What causes plantar fasciitis?
Plantar fasciitis can develop with repetitive strain to the plantar fascia, or in other words, overuse. It can also develop when there is a sudden increase in activity that places excessive or frequent strain on the plantar fascia.
Essentially, this means anything that exceeds the plantar fascia’s load capacity can cause irritation or damage to the tissue, especially if this occurs in a repeated fashion with minimal recovery.
Weakness in muscles that help support the bottom of the foot can also create more dependence on the plantar fascia. If it has to take over for weak muscles, there is a higher chance that it can become inflamed, irritated, or damaged.
Plantar fasciitis is not the only potential source of foot and heel pain, but it’s by far the most common.
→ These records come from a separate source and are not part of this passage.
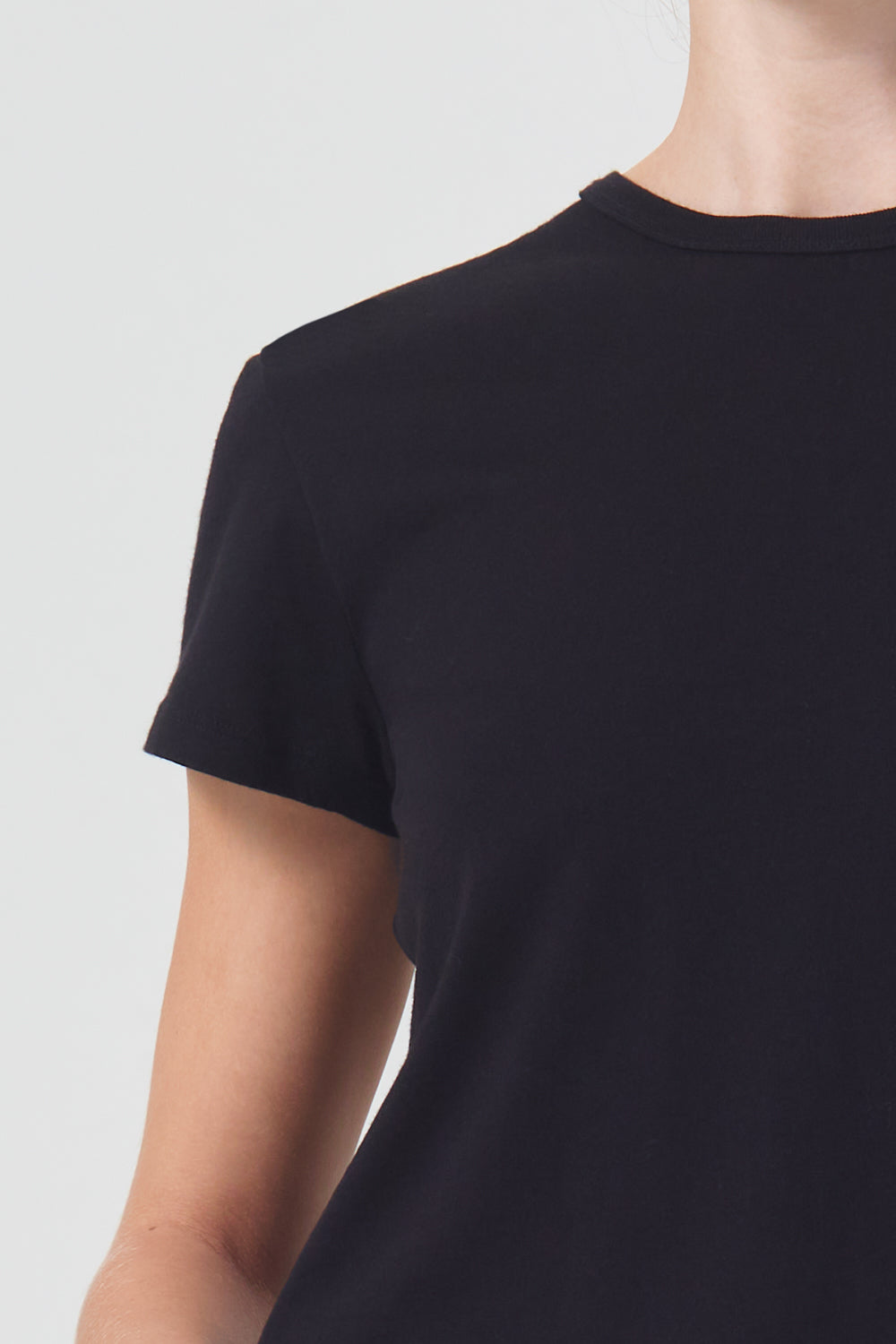 AGOLDE-Drew-Tee-Black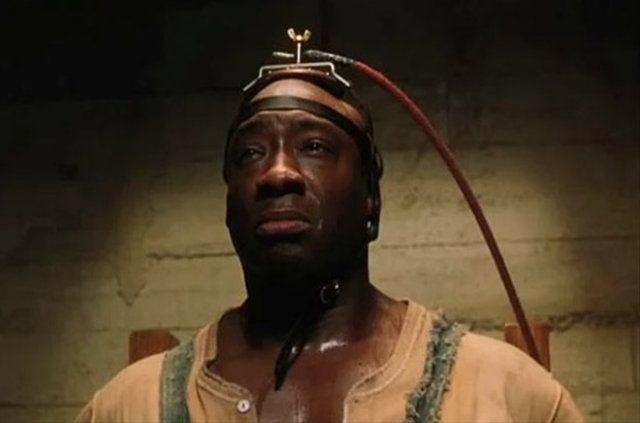 <p>Yeşil Yol(The Green Mile)'da John Coffey, elektrikli sandalye ile idam edildi. Fakat...</p>

<p>Louisiana eyaleti, hikayenin geçtiği yıldan beş yıl sonra elektrikli sandalyeyi kullanmaya başladı.</p>
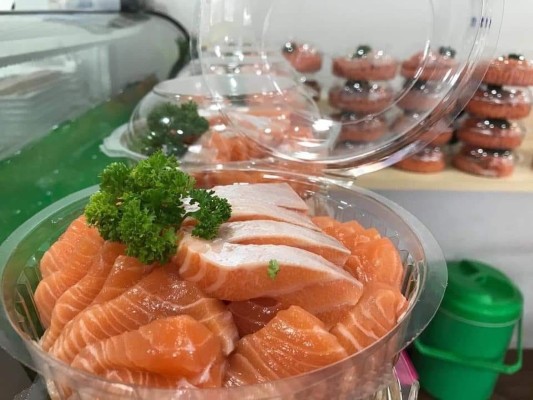 จำหน่ายผลไม้ลอยแก้วเพื่อสุขภาพ หวานเย็นชื่นใจ แซลม่อนซาซิมิ  กุ้งแช่รสเด็ด รูปที่ 4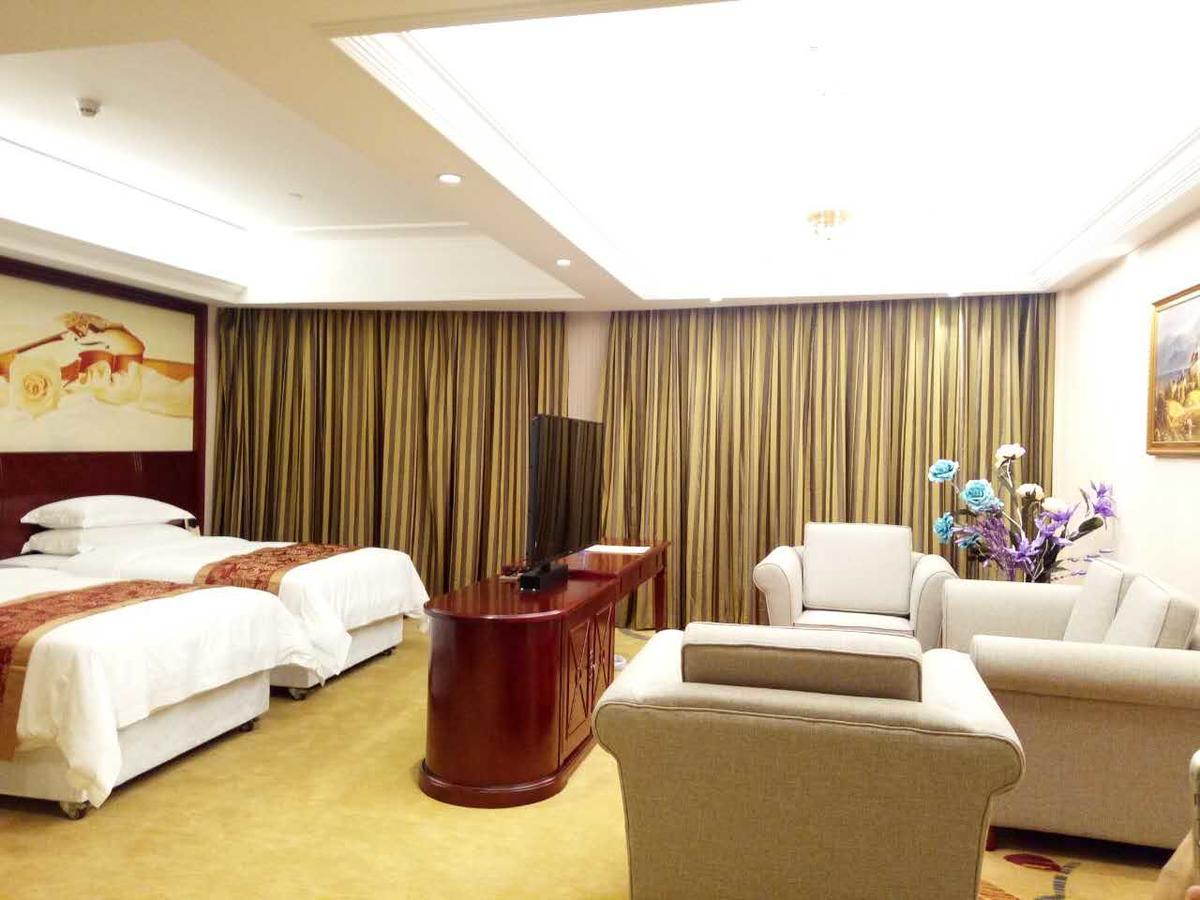 Vienna Hotel Zhongshan Guzhen Town Center Екстер'єр фото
While symptoms can lead to symptoms anywhere along the sole of the foot, the most common location is on the front of the heel bone just towards the inside (anteromedial aspect of the calcaneus).
Feel free to check out one of our other articles about other sources of heel pain after ankle sprains.
Risk Factors for Plantar Fasciitis
Additionally, there are some risk factors that make people more susceptible to developing plantar fasciitis (Goff et al 2011, Schwartz and Su 2014). These include, but are not limited to, the following:
- Excessive foot pronation (pes planus) or a very high arch (pes cavus)
- Excessive running
- Leg length discrepancy
- Occupations involving prolonged standing or walking
- Tight Achilles tendon and/or reduced ankle dorsiflexion
- Weak plantarflexion
- Weak or tight intrinsic muscles of the foot
- Sedentary lifestyle
- Poor footwear
Why can you get plantar fasciitis after a sprained ankle?
Considering the risk factors listed above, a sprained ankle may put you in a situation where you now have some of those risk factors, meaning you may be more prone to developing foot and heel pain in general, but especially after ankle sprains.
For example, a sprained ankle can often lead to generalized joint stiffness from swelling and inflammation, as well as potentially being immobilized for a while. Specifically, if ankle dorsiflexion is reduced, which it almost always is after a sprained ankle, then you now have a risk factor for plantar fasciitis.
Additionally, by resting and protecting the ankle in the acute stages of injury, it can be expected that there will be some muscular deconditioning, specifically when it comes to the intrinsic muscles of the foot, as well as other muscles that support the ankle joint and provide power during walking, namely the calf muscles.
In this case of more severe ankle sprains, there may be a period where you are non-weight bearing altogether. Those who return to weight bearing activities without proper strengthening and stretching of the foot and ankle muscles will also be at higher risk of developing plantar fasciitis after an ankle sprain.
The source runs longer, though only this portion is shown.